This article provides information and education for investors. NerdWallet does not offer advisory or brokerage services, nor does it recommend or advise investors to buy or sell particular stocks or securities.
Amazon's share price has nearly doubled in the last year, and the company is one of a few with a $1 trillion valuation. That swell has many investors wondering whether to buy Amazon stock.

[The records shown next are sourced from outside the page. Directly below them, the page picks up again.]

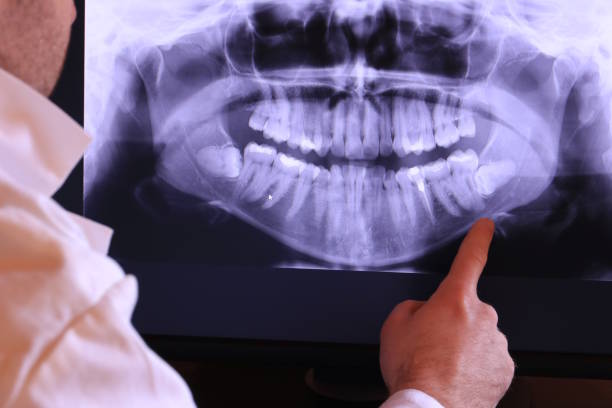 Best Emergency Treatment for Dental Infections or Abscesses in Moundsville, WV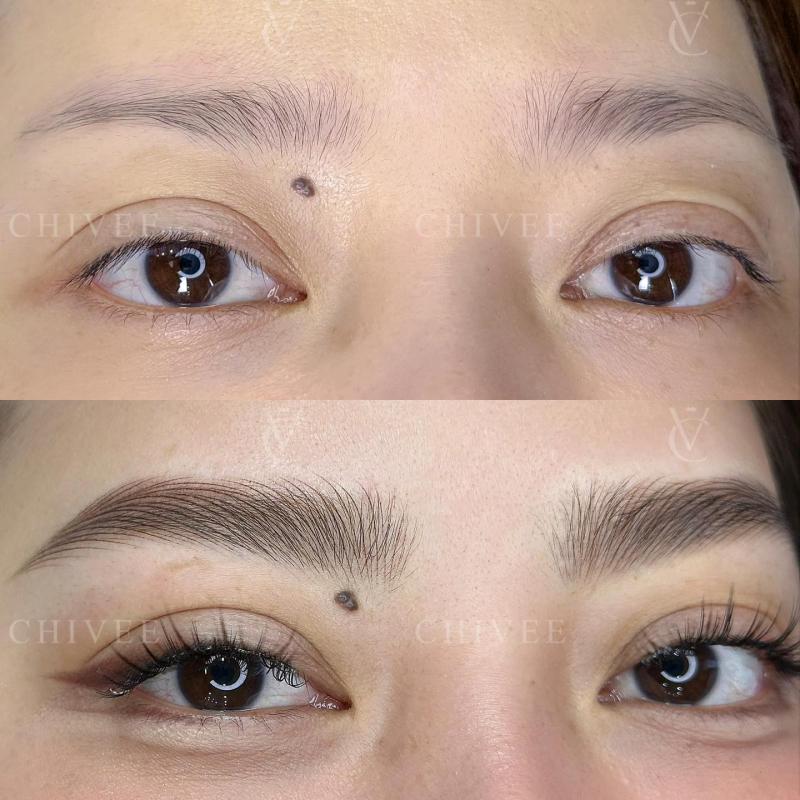 Viện Thẩm Mỹ ChiVee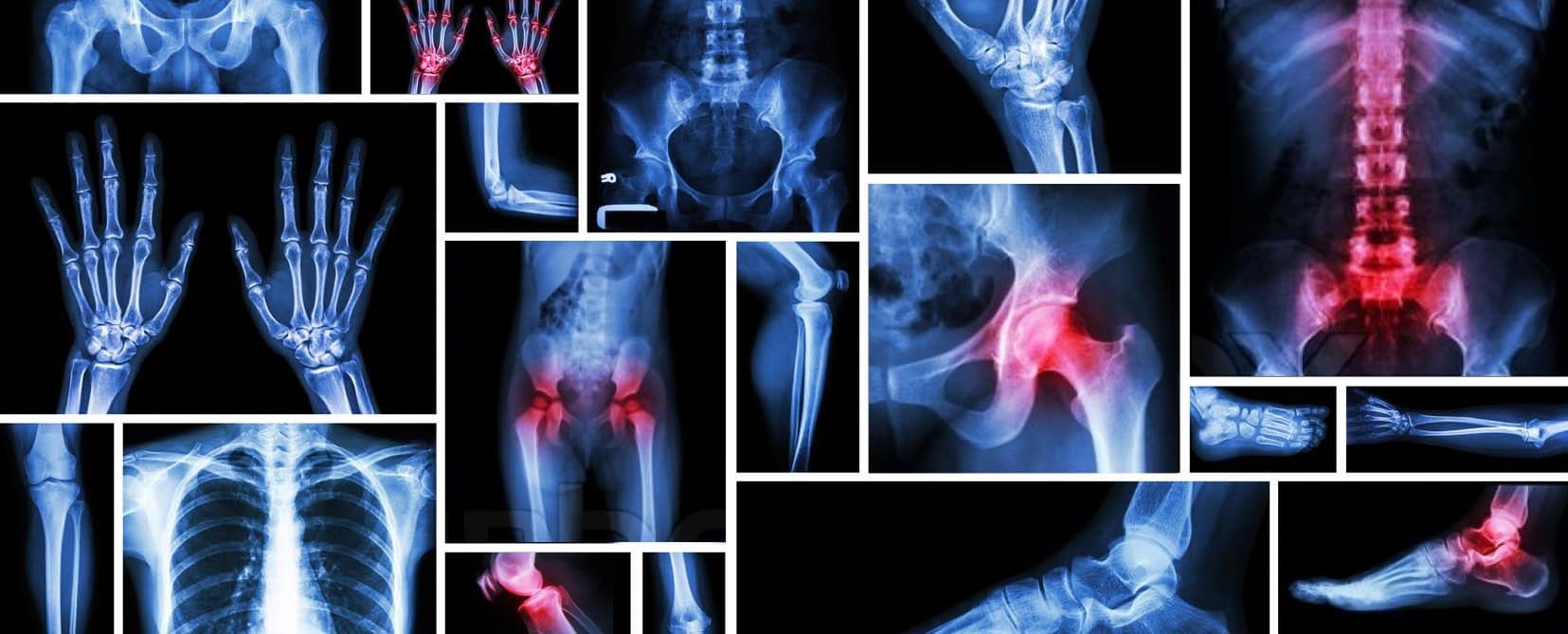 Cirugía Articular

The company's success is rooted in making it easy for customers to quickly — and perhaps impulsively — buy products online, a service made more valuable by the COVID-19 pandemic. There's no "buy now" button for stocks, but investing in Amazon is nearly as easy as shopping on Amazon.com. Here's what to consider before you buy Amazon stock.
1. Amazon's investment potential
There’s an understandable appeal to owning shares of a company you interact with regularly, but what you know about a company as a customer often doesn’t equal knowing it as an investor.
Nerd tip: Amazon's stock symbol is AMZN. The company's IPO was in May 1997, at $18 per share.
Don’t base your to-buy-or-not-to-buy decision on a stock's past performance or current price. Instead, rely on the all-important step of scrutinizing Amazon’s merits as an investment. That includes digging into the company's management, revenue, net income and earnings, as well as analyzing the competition. (Learn how to do stock research.)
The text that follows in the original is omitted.